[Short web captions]
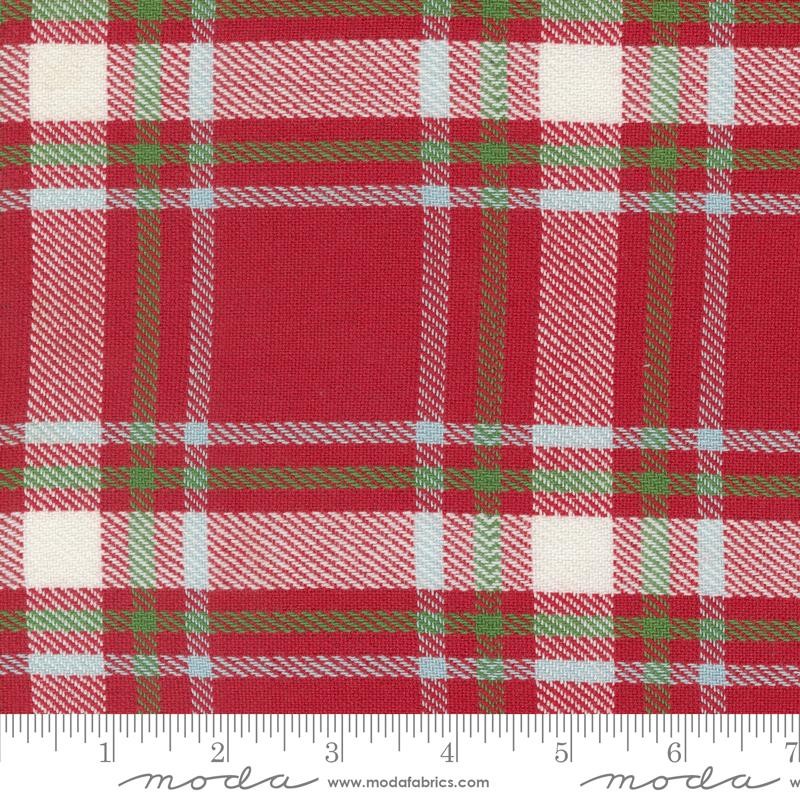 16" Classic Retro Toweling - Red Plaid - Stacy Iest Hsu - Moda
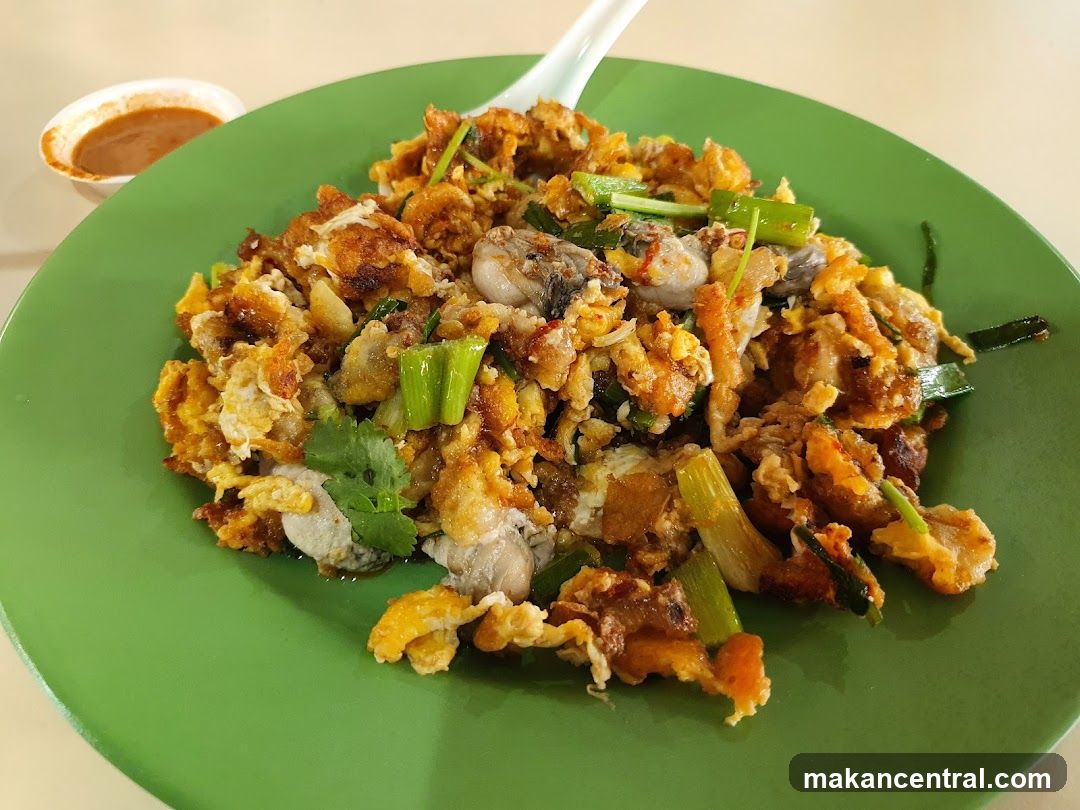 Food dish on green plate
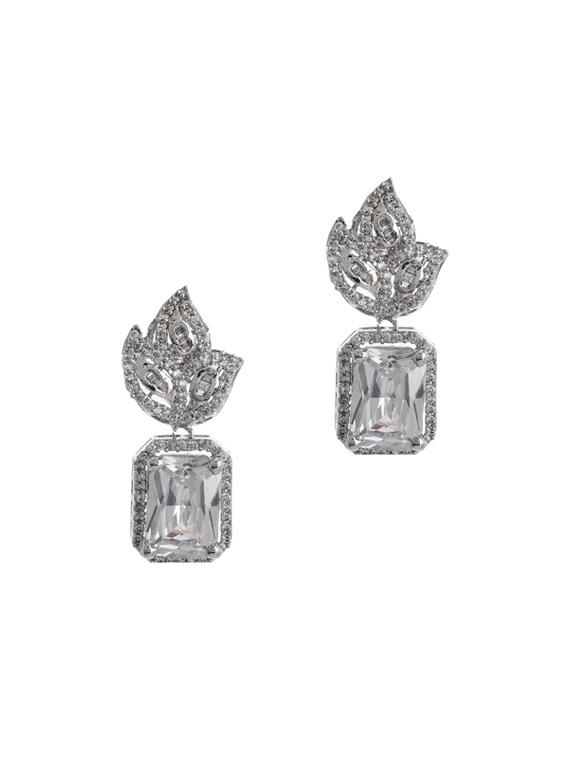 silver metal drop earring - 17041314 - Zoom Image - 0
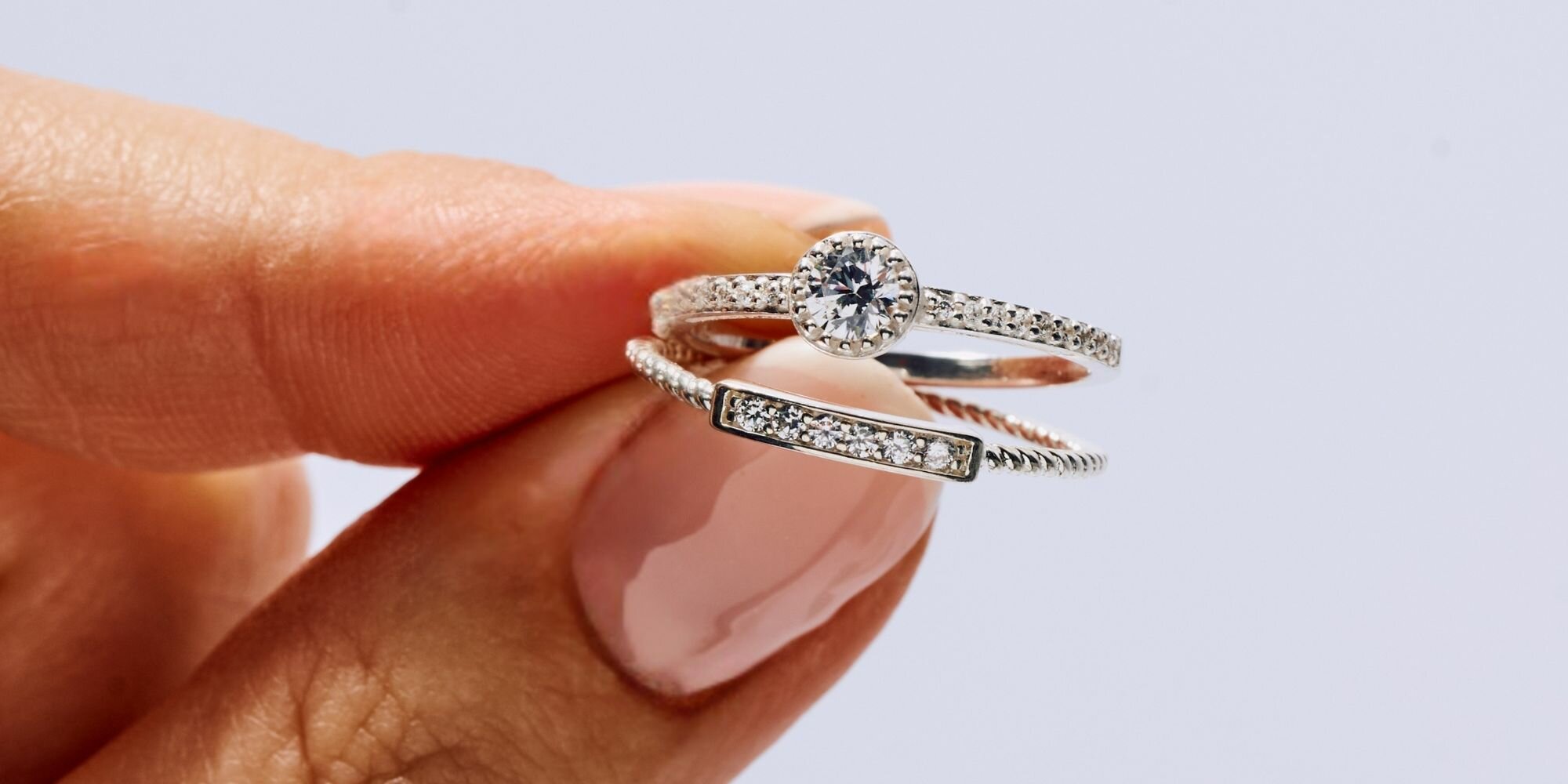 Bague Femme En Argent 925 Rhodié Avec Oxydes De Zirconium - Taille 52, Neuve, Brillante Et élégante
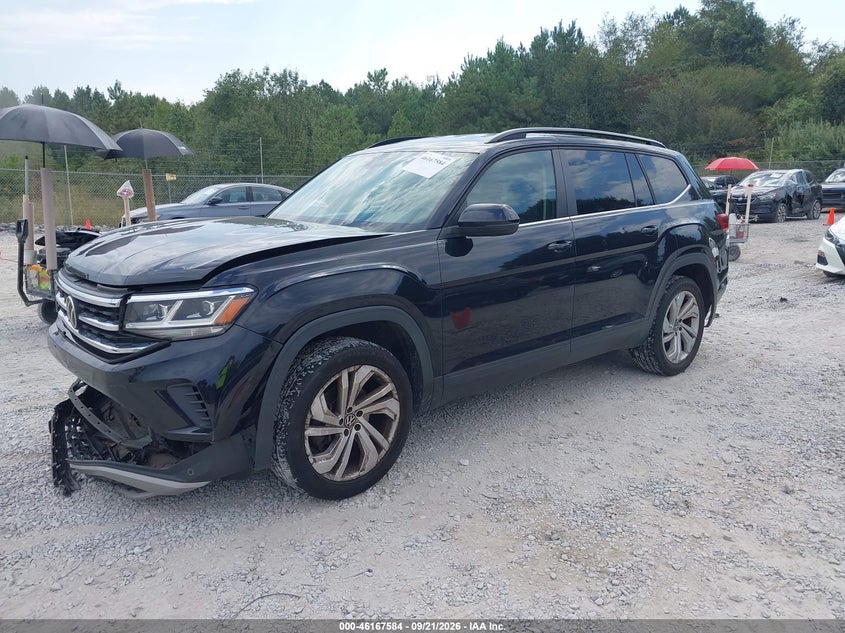 Vin: 1v2hr2ca0mc538886, lot: 46667426, volkswagen atlas 3.6l v6 se w/technology 20212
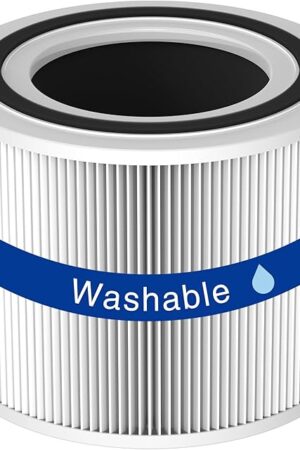 Core 300 ???????? Replacement Filter for LEVOIT Core 300, Core 300S and Core 300-P Air Purifier, 3-in-1 H13 True HEPA Filter with High-Efficiency Activated Carbon for Core300-RF, 1 Pack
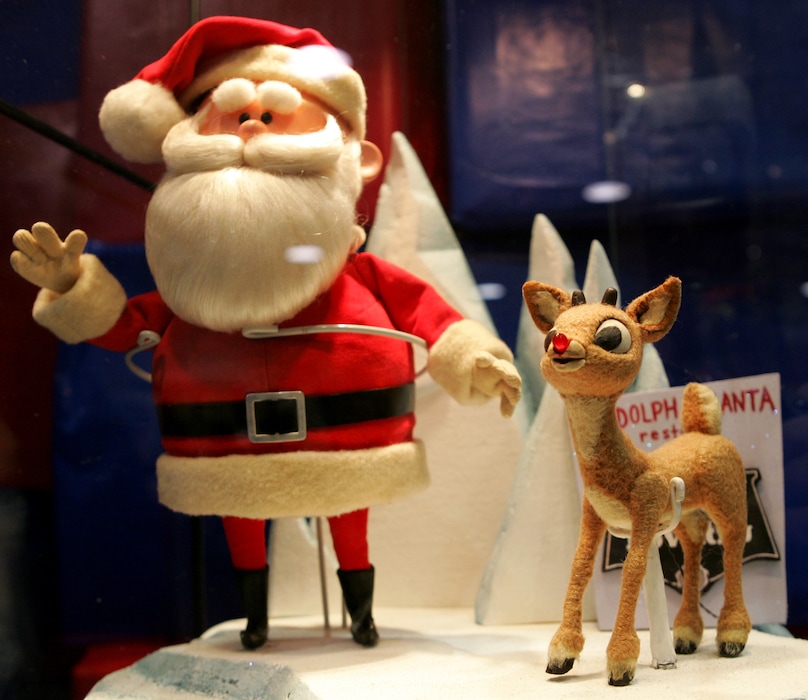 (Paul Vernon | AP file photo)  Original Santa Claus and Rudolph puppets from the TV special "Rudolph the Red Nosed Reindeer" are seen on display at the Time and Space Toys booth during the Mid-Ohio-Con comic book convention in Columbus, Ohio, Sunday, Nov. 25, 2007.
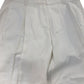 Baukjen Pleated Trousers UK Size 16 Women's Casual Organic Cotton White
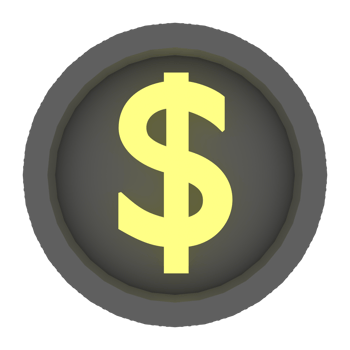 3D Render Coin Front View png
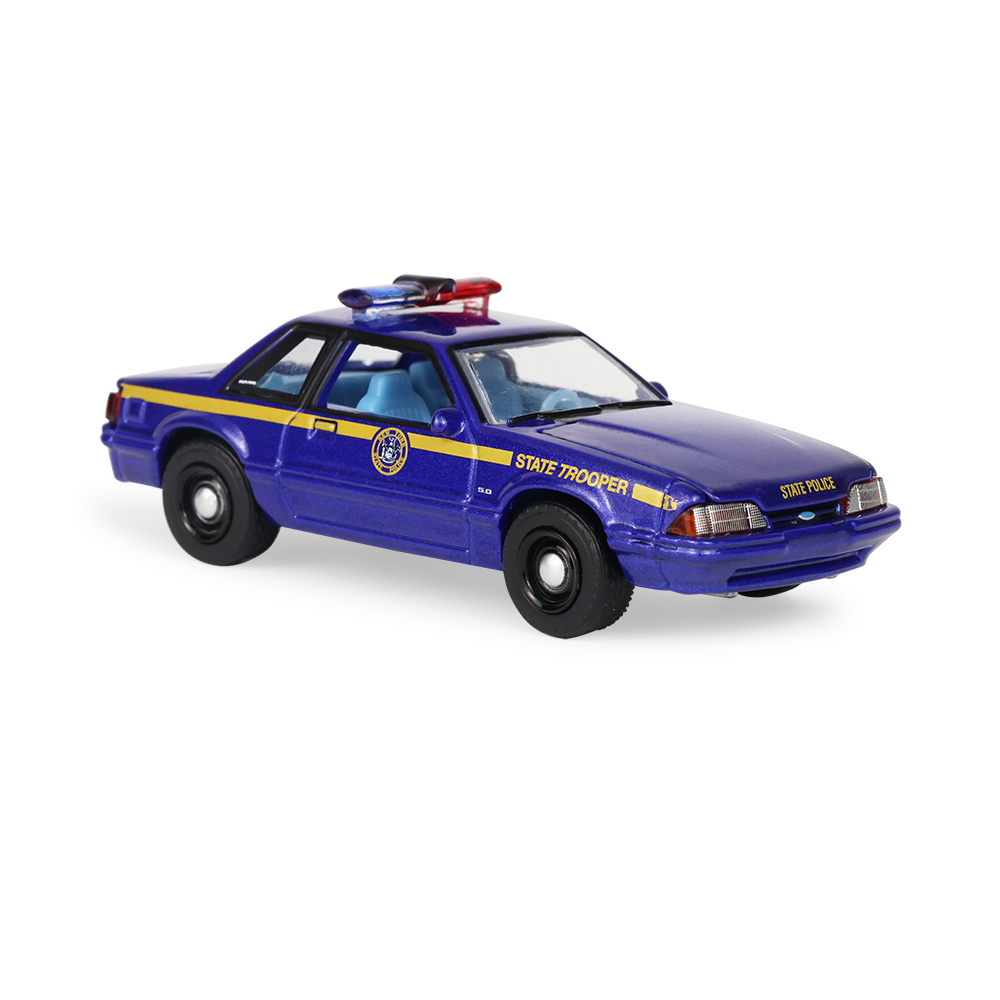 1988 Ford Mustang - New York State Police Solid Pack - Evergreen
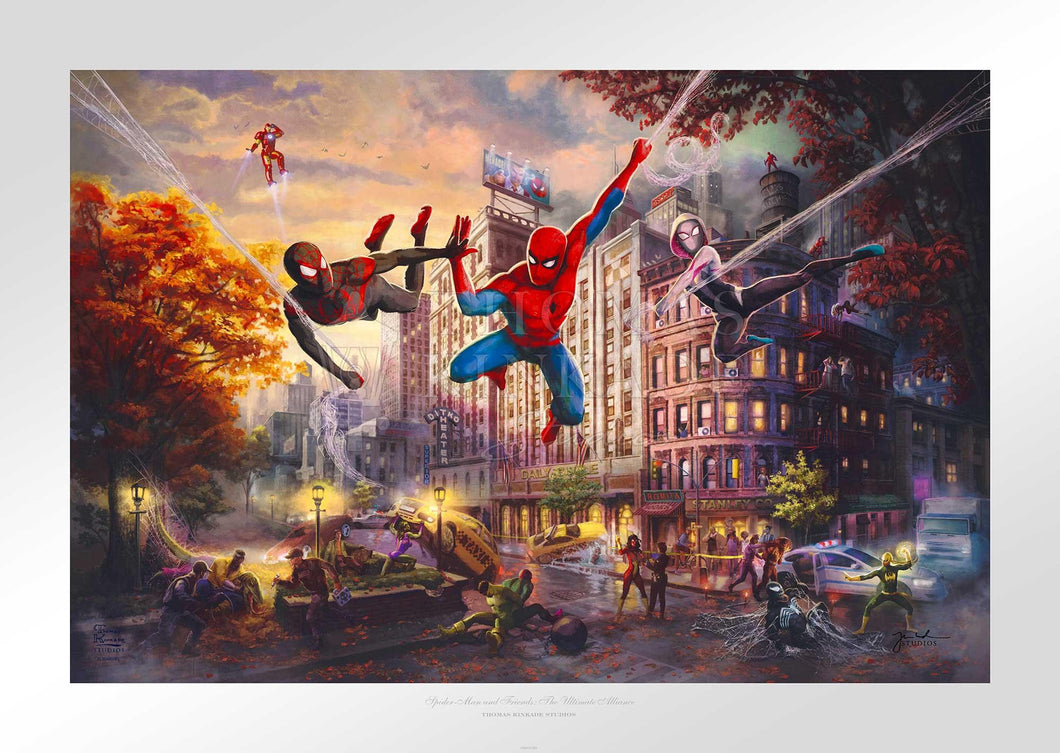 Spider-Man and Friends: The Ultimate Alliance - Limited Edition Paper - SN - (Unframed)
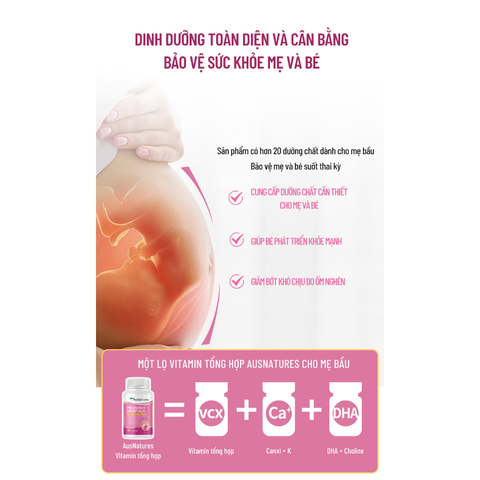 AusNatures Viên Uống Vitamin Tổng Hợp Cho Mẹ Bầu Pregnancy Essentials 60 Viên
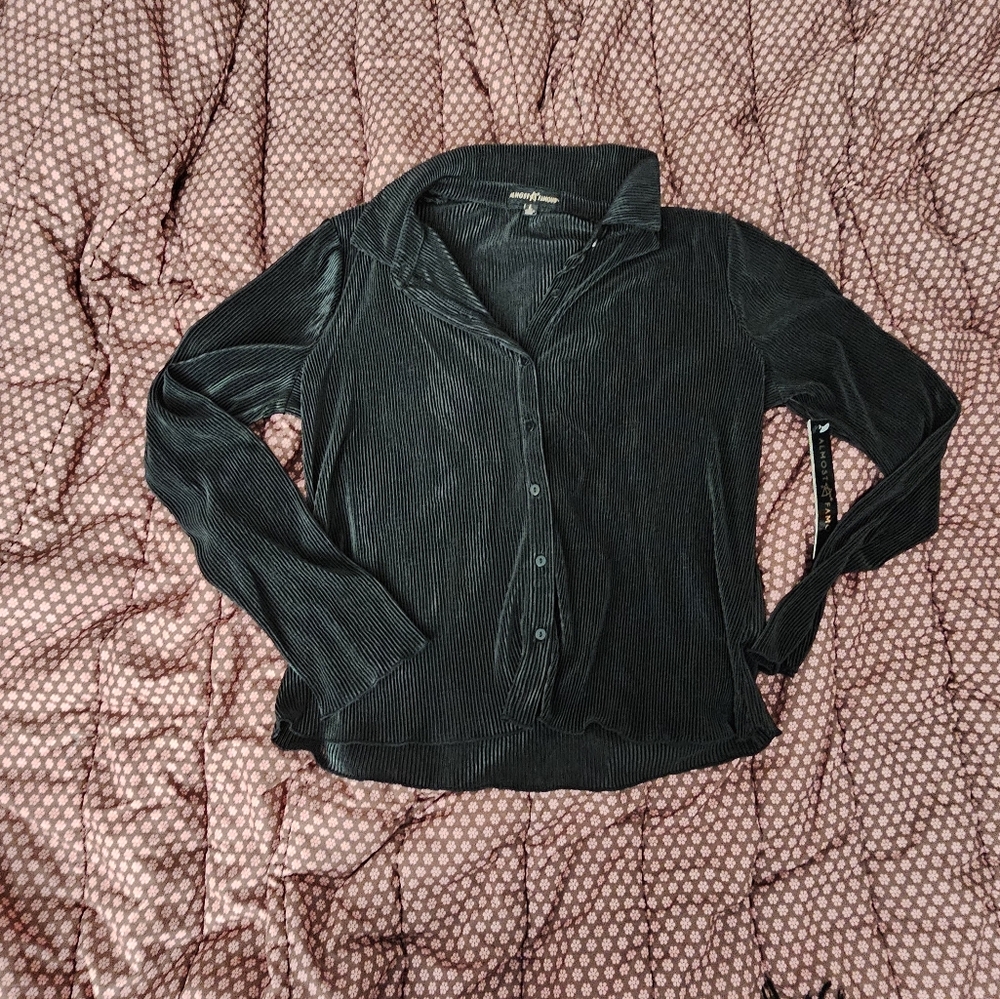 Silk button up blouse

Task details:
A word-for-word transcript of the entries above is needed, with pictures removed.

Output below:
 16" Classic Retro Toweling - Red Plaid - Stacy Iest Hsu - Moda
 Food dish on green plate
 silver metal drop earring - 17041314 - Zoom Image - 0
 Bague Femme En Argent 925 Rhodié Avec Oxydes De Zirconium - Taille 52, Neuve, Brillante Et élégante
 Vin: 1v2hr2ca0mc538886, lot: 46667426, volkswagen atlas 3.6l v6 se w/technology 20212
 Core 300 ???????? Replacement Filter for LEVOIT Core 300, Core 300S and Core 300-P Air Purifier, 3-in-1 H13 True HEPA Filter with High-Efficiency Activated Carbon for Core300-RF, 1 Pack
 (Paul Vernon | AP file photo)  Original Santa Claus and Rudolph puppets from the TV special "Rudolph the Red Nosed Reindeer" are seen on display at the Time and Space Toys booth during the Mid-Ohio-Con comic book convention in Columbus, Ohio, Sunday, Nov. 25, 2007.
 Baukjen Pleated Trousers UK Size 16 Women's Casual Organic Cotton White
 3D Render Coin Front View png
 1988 Ford Mustang - New York State Police Solid Pack - Evergreen
 Spider-Man and Friends: The Ultimate Alliance - Limited Edition Paper - SN - (Unframed)
 AusNatures Viên Uống Vitamin Tổng Hợp Cho Mẹ Bầu Pregnancy Essentials 60 Viên
 Silk button up blouse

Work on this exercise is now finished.